New York — A Tale Told Play by Lanford Wilson. Directed by Marshall W. Mason. "A Tale Told" brings us to the third in Lanford Wilson's cycle of five plays about the Talley family of Lebanon, Missouri. The new drama at the Circle Repertory Theater reveals what happened up at the Talley place on the evening of July 4, 1944, while Matt Friedman (of "Talley's Folly") wooed and won the reluctant Sally Talley at the boathouse down on the river. Sally (Trish Hawkins) appears only briefly in the present segment as she makes her escape from the toils of Talleyism.
The central figure in "A Tale Told," a title borrowed from Psalm 90, is old Calvin Talley (Fritz Weaver). Teetering between senility and an acute command of every mean faculty, the ancient widower tyrannizes over his weakling son, Eldon (Michael Higgins), as well as everyone else within the second of his rasping voice. Calvin proclaims himself a Christian but his ways have been the ways of shrewdness and ruthless cunning.
It is Calvin who extricates Eldon from the results of a long past adultery and who forces the decision that will make the Talleys even richer by selling their prosperous clothes-manufacturing business to a large corporation. At the time of the play, the factory's hefty profits come from turning out uniforms for the army. The ghostly figure of Timmy Talley (David Ferry), word of whose death on Saipan climaxes act one, provides Mr. Wilson with the opportunity for some observations on the inglories of war.
Proceeding from a different context, "A Tale Told" lacks the lyricism of "Talley's Folly" or the uninhibited candor of "Fifth of July" (still running on Broadway), with its view of contemporary Talleys. The new work recalls the conventions of traditional family drama. One preview spectator made a perhaps inevitable comparison with Lillian Hellman's "The Little Foxes," the revival of which stars Elizabeth Taylor. Some of Arthur Miller's plays also come to mind. Certainly Mr. Wilsom makes liberal use of familiar plot twists and devices in unfolding this tale of greed and meanness.

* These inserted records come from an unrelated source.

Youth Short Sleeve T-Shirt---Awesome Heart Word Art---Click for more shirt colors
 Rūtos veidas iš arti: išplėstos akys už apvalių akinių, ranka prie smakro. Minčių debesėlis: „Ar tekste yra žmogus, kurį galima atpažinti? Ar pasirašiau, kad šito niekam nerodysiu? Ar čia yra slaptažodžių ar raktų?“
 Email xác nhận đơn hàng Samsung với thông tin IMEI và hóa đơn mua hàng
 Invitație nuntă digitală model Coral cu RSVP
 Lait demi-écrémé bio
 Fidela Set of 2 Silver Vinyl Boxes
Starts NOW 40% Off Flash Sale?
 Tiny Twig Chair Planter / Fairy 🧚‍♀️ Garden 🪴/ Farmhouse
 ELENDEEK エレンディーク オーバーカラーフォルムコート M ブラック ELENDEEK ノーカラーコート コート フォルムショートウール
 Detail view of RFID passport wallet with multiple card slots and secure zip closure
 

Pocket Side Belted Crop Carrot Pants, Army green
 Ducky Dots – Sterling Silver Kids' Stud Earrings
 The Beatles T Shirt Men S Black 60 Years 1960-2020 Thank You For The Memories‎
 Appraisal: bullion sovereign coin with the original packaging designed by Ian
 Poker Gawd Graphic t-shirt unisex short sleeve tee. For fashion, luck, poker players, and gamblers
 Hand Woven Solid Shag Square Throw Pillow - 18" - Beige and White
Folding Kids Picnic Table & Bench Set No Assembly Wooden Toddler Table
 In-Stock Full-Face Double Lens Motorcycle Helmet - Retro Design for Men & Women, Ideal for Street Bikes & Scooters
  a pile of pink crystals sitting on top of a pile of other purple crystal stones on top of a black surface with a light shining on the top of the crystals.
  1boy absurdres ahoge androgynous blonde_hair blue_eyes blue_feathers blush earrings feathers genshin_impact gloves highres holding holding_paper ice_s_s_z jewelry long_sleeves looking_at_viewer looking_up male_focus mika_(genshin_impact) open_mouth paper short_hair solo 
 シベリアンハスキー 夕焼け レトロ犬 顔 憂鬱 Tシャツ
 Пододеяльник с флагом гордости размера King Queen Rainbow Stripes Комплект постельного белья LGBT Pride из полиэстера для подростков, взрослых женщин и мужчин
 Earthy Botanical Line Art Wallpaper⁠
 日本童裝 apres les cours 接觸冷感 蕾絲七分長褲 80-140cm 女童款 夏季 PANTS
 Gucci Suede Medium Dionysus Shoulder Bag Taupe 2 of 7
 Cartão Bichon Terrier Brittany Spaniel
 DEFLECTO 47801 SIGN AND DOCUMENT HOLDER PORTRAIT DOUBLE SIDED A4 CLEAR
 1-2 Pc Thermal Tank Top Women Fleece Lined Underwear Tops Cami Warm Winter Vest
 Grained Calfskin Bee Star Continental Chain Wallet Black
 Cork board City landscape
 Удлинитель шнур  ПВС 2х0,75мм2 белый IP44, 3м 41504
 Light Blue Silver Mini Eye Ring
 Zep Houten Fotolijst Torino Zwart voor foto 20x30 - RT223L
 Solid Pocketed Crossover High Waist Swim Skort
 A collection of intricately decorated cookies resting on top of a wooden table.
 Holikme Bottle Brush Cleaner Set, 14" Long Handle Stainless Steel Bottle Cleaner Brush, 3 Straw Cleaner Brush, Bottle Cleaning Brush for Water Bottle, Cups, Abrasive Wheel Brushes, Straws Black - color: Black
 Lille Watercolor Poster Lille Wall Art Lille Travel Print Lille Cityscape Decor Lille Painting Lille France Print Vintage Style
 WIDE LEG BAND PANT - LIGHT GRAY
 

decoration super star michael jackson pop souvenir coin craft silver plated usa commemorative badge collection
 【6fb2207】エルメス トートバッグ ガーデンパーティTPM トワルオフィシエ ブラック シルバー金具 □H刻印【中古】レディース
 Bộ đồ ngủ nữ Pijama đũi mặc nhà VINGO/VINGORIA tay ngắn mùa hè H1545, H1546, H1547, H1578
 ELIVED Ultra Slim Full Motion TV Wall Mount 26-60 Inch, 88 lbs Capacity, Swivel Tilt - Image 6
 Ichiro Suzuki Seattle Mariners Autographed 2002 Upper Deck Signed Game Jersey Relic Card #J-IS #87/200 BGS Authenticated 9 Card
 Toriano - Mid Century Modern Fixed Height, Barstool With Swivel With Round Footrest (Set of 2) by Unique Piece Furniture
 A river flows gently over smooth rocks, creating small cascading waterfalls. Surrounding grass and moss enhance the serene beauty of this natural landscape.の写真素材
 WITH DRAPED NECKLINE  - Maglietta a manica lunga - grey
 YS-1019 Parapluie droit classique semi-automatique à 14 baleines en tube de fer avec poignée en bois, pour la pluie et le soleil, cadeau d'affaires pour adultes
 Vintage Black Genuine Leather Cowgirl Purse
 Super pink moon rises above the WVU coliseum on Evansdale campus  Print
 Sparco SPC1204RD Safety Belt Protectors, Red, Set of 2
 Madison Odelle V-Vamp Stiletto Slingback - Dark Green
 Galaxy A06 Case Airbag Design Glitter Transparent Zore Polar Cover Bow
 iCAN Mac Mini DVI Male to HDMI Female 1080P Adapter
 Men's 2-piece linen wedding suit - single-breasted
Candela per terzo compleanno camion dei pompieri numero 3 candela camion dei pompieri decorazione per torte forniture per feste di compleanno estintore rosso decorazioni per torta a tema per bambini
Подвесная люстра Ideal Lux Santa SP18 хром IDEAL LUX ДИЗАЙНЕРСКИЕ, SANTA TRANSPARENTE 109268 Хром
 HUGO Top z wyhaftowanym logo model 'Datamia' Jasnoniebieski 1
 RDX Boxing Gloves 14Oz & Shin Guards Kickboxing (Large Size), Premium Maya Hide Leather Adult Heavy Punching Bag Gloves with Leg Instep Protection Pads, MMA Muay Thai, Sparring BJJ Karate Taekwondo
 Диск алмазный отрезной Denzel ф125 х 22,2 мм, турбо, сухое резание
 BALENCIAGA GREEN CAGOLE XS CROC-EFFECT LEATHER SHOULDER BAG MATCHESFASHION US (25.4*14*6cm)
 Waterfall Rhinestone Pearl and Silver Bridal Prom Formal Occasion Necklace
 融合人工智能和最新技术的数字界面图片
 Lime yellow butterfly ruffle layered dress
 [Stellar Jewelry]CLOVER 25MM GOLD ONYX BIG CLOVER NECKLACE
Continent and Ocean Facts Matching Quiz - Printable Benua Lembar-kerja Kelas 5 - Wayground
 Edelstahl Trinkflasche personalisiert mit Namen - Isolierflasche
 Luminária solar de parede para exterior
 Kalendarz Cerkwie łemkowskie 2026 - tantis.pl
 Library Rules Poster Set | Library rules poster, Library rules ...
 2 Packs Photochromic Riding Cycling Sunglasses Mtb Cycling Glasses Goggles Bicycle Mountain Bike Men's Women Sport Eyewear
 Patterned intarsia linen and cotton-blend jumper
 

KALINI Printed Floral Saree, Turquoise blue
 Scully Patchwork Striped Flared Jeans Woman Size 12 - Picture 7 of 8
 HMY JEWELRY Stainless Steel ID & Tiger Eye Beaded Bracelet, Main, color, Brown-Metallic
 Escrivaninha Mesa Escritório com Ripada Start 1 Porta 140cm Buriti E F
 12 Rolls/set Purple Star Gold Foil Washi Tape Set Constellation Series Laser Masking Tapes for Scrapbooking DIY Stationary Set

But the author is still his own man. The strengths of "A Tale Told" lie in its vivid stage portraiture and sharp, often comic, dialogue. The roles are actors' roles and they are performed with relish under Marshall W. Mason's diretion. Besides Mr. Weaver's fiercely intimidating Calvin, the Talley hostilities are forcefully conducted by Elizabeth Sturges as the fatally ill Lottie and, at least momentarily, by Mr. Higgins as the beleaguered Eldon. The costumes are by Laura Crow and the lighting by Dennis Parichy. If "A Tale Told" is something of a disappointment, it is not without solid dramatic and theatrical impact in the old-fashioned manner.